*EXERCISE*:
Below are records; reproduce exactly the lines from the one that has "Baño (Habitación 2)" through the one that has "Balenciaga Key Holder", ends included, and nothing more.

___ ENTRIES SUPPLIED ___

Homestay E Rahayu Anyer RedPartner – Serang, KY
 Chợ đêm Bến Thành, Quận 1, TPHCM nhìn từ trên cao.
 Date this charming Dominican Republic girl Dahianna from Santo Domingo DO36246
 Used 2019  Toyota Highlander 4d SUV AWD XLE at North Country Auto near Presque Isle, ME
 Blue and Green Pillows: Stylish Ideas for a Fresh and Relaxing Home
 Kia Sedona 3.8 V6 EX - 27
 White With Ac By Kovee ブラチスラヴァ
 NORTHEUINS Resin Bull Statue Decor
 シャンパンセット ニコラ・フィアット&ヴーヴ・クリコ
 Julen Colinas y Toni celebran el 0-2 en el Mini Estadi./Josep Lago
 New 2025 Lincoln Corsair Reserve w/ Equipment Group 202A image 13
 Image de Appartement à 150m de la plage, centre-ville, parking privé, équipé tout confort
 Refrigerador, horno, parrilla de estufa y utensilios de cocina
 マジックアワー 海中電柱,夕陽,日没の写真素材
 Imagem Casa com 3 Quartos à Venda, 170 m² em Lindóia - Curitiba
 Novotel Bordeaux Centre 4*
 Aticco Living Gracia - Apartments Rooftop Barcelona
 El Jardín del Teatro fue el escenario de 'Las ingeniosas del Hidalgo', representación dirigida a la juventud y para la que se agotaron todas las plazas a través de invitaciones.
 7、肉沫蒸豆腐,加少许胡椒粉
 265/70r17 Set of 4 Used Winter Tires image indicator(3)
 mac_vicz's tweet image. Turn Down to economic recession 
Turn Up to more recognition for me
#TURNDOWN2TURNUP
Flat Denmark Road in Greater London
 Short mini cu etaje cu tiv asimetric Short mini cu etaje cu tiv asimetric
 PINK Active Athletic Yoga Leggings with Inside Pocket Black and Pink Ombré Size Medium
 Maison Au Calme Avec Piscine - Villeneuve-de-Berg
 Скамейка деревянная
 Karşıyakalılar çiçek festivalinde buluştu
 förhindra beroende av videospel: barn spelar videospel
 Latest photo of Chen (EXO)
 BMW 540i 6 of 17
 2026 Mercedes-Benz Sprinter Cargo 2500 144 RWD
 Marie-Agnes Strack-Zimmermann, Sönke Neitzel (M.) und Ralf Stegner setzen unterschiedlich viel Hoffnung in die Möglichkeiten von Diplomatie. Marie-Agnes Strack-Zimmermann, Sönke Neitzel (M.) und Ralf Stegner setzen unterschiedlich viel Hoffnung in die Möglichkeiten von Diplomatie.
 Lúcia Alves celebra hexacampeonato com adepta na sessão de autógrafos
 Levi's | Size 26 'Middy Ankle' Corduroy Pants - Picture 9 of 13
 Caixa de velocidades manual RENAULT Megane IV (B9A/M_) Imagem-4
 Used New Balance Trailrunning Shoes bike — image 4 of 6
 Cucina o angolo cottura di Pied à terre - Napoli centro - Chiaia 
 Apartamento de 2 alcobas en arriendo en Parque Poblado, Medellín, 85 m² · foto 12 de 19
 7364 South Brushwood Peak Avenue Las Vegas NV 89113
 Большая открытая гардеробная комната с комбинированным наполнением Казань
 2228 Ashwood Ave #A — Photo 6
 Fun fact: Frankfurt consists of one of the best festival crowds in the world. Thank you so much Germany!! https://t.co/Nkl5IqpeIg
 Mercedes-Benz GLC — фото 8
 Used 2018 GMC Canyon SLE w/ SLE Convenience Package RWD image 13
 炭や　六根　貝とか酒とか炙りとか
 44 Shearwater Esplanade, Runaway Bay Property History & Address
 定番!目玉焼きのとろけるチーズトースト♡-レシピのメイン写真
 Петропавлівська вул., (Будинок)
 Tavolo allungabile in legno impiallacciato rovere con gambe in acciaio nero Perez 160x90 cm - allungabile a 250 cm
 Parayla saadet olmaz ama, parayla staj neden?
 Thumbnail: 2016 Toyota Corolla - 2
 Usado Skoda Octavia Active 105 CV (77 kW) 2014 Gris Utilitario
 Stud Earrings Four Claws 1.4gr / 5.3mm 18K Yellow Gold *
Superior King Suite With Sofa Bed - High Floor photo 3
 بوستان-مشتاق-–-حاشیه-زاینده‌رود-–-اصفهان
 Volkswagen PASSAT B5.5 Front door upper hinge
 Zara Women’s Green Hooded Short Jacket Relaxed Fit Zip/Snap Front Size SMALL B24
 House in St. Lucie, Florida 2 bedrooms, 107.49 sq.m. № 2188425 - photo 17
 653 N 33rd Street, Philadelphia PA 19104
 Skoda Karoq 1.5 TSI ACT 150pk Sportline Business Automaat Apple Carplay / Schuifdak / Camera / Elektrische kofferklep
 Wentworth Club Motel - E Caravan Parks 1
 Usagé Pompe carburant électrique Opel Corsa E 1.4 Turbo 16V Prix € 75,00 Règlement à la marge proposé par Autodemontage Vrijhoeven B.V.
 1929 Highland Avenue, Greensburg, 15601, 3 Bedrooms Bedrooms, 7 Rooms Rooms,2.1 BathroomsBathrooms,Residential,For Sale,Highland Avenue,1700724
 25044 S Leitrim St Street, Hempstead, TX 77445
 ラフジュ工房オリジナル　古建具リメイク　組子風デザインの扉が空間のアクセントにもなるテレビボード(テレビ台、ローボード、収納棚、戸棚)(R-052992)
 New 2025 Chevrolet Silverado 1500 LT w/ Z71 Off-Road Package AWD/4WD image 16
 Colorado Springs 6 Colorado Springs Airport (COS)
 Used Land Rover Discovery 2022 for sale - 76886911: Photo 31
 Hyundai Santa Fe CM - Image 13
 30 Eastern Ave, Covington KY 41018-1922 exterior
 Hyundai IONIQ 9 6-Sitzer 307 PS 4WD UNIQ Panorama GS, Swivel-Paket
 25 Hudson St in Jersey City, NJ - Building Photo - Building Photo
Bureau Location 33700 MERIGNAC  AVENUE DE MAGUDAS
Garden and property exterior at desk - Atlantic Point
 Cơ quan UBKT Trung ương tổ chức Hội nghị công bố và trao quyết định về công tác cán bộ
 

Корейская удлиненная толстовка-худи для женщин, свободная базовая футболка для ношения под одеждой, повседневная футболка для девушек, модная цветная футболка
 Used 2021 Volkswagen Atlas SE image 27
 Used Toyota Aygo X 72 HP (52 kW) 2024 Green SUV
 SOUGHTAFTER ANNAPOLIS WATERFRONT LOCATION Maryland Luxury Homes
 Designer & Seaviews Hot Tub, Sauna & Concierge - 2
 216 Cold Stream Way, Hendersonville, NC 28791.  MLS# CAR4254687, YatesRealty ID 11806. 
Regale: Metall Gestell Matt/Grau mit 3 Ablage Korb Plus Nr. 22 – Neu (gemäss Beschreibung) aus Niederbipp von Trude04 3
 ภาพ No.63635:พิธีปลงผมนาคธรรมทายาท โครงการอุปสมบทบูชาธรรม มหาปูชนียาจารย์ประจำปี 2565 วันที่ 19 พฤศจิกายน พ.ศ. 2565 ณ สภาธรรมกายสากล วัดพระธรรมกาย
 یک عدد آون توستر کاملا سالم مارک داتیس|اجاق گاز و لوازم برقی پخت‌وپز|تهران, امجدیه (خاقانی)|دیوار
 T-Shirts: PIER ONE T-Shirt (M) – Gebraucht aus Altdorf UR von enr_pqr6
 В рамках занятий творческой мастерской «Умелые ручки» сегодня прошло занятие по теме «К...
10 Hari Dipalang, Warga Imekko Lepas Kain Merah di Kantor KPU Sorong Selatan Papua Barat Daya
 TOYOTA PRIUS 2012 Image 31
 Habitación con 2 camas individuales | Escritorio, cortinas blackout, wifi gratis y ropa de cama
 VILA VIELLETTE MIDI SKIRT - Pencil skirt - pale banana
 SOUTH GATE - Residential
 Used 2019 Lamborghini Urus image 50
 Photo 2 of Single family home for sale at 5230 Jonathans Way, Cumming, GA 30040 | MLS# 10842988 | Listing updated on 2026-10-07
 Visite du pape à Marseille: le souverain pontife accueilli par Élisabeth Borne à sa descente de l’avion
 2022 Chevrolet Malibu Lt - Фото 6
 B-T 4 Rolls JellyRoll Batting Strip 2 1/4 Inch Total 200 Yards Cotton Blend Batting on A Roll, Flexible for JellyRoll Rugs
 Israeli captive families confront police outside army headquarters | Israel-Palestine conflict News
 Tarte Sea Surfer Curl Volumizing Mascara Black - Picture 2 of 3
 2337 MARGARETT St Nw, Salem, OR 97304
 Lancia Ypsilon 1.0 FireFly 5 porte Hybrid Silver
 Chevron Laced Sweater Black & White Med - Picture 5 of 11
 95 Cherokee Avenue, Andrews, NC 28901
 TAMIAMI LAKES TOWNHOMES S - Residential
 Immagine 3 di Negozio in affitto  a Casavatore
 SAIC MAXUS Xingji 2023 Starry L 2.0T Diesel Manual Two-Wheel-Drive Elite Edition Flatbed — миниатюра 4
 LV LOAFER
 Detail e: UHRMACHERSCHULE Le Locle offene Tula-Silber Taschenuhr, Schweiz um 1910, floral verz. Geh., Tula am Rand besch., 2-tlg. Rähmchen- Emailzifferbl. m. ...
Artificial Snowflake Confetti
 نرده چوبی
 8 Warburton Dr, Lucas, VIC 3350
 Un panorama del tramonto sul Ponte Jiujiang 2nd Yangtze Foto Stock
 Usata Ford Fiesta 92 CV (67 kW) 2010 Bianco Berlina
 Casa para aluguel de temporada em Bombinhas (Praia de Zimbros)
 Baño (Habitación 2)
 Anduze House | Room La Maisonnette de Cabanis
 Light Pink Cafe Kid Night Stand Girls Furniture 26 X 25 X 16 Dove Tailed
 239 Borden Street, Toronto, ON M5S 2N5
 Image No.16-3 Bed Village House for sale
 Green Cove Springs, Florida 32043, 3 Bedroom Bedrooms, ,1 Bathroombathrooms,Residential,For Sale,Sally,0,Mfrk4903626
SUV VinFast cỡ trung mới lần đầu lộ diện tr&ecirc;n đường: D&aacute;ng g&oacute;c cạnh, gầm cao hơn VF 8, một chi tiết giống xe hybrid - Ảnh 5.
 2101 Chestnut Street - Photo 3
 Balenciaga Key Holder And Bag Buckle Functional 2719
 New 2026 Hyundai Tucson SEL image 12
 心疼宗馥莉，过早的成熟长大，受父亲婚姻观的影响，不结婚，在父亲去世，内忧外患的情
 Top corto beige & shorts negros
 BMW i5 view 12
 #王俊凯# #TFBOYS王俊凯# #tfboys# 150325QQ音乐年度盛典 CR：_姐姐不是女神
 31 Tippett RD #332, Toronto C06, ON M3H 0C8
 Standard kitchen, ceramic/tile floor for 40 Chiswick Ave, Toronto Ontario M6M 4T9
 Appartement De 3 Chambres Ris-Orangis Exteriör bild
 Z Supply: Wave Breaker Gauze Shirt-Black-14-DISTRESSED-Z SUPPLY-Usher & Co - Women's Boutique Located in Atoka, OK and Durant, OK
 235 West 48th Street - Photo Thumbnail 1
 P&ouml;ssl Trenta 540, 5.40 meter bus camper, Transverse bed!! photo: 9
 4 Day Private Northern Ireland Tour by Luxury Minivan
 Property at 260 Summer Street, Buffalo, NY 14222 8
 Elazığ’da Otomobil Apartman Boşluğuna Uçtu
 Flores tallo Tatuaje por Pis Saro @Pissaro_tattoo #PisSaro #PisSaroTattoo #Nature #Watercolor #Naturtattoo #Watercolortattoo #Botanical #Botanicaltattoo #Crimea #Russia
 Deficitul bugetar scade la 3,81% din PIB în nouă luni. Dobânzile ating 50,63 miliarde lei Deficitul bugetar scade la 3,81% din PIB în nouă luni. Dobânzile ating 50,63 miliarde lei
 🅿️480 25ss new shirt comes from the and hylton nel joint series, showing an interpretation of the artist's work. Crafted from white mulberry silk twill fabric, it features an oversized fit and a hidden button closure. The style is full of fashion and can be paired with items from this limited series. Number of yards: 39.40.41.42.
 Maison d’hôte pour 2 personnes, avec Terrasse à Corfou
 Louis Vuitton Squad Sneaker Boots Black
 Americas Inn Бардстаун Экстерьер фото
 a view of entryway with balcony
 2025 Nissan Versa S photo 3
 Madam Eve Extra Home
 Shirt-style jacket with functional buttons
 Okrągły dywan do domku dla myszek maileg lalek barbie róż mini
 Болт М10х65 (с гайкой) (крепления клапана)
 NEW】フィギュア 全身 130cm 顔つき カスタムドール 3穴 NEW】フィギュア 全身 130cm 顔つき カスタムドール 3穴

___

*SOLUTION FOR THIS TASK*:
 Baño (Habitación 2)
 Anduze House | Room La Maisonnette de Cabanis
 Light Pink Cafe Kid Night Stand Girls Furniture 26 X 25 X 16 Dove Tailed
 239 Borden Street, Toronto, ON M5S 2N5
 Image No.16-3 Bed Village House for sale
 Green Cove Springs, Florida 32043, 3 Bedroom Bedrooms, ,1 Bathroombathrooms,Residential,For Sale,Sally,0,Mfrk4903626
SUV VinFast cỡ trung mới lần đầu lộ diện tr&ecirc;n đường: D&aacute;ng g&oacute;c cạnh, gầm cao hơn VF 8, một chi tiết giống xe hybrid - Ảnh 5.
 2101 Chestnut Street - Photo 3
 Balenciaga Key Holder And Bag Buckle Functional 2719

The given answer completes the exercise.